Exercise 2. Prove that if \(\mathcal{V}\) is a finite-dimensional vector space, then the space of all linear transformations on \(\mathcal{V}\) is finite-dimensional, and find its dimension.
Exercise 3. The concept of a "linear transformation," as defined in the text, is too special for some purposes. According to a more general definition, a linear transformation from a vector space \(\mathcal{U}\) to a vector space \(\mathcal{V}\) over the same field is a correspondence \(A\) that assigns to every vector \(x\) in \(\mathcal{U}\) a vector \(A x\) in \(\mathcal{V}\) so that \[A(\alpha x+\beta y)=\alpha A x+\beta A y\] Prove that each of the correspondences described below is a linear transformation in this generalized sense.
- \(\mathcal{V}\) is the field of scalars of \(\mathcal{U}\) ; \(A\) is a linear functional on \(\mathcal{U}\) .
- \(\mathcal{U}\) is the direct sum of \(\mathcal{V}\) with some other space; \(A\) maps each pair in \(\mathcal{U}\) onto its first coordinate.
- \(\mathcal{V}\) is the quotient of \(\mathcal{U}\) modulo a subspace; \(A\) maps each vector in \(\mathcal{U}\) onto the coset it determines.
- Let \(w\) be a bilinear functional on a direct sum \(\mathcal{U} \oplus \mathcal{V}_{0}\) . Let \(\mathcal{V}\) be the dual of \(\mathcal{V}_{0}\) , and define \(A\) to be the correspondence that assigns to each \(x_{0}\) in \(\mathcal{U}\) the linear functional on \(\mathcal{V}_{0}\) obtained from \(w\) by setting its first argument equal to \(x_{0}\) .
Exercise 4.
- Suppose that \(\mathcal{U}\) and \(\mathcal{V}\) are vector spaces over the same field. If \(A\) and \(B\) are linear transformations from \(\mathcal{U}\) to \(\mathcal{V}\) , if \(\alpha\) and \(\beta\) are scalars, and if \[C x=\alpha A x+\beta B x\] for each \(x\) in \(\mathcal{U}\) , then \(C\) is a linear transformation from \(\mathcal{U}\) to \(\mathcal{V}\) .
- If we write, by definition, \(C=\alpha A+\beta B\) , then the set of all linear transformations from \(\mathcal{U}\) to \(\mathcal{V}\) becomes a vector space with respect to this definition of the linear operations.

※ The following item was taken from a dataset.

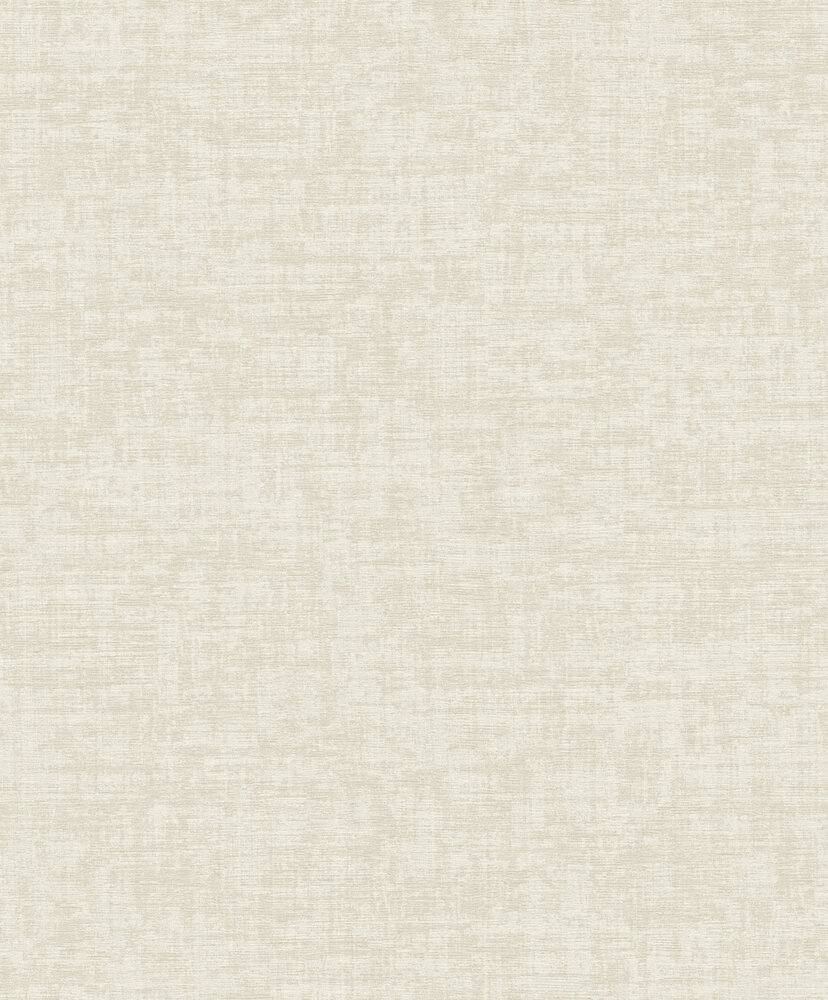 Dutch Wallcoverings Velvet Touch VT10001 Beige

- Prove that if \(\mathcal{U}\) and \(\mathcal{V}\) are finite-dimensional, then so is the space of all linear transformations from \(\mathcal{U}\) to \(\mathcal{V}\) , and find its dimension.
Exercise 5. Suppose that \(\mathcal{M}\) is an \(m\) -dimensional subspace of an \(n\) -dimensional vector space \(\mathcal{V}\) . Prove that the set of those linear transformations \(A\) on \(\mathcal{V}\) for which \(A x=0\) whenever \(x\) is in \(\mathcal{M}\) is a subspace of the set of all linear transformations on \(\mathcal{V}\) , and find the dimension of that subspace.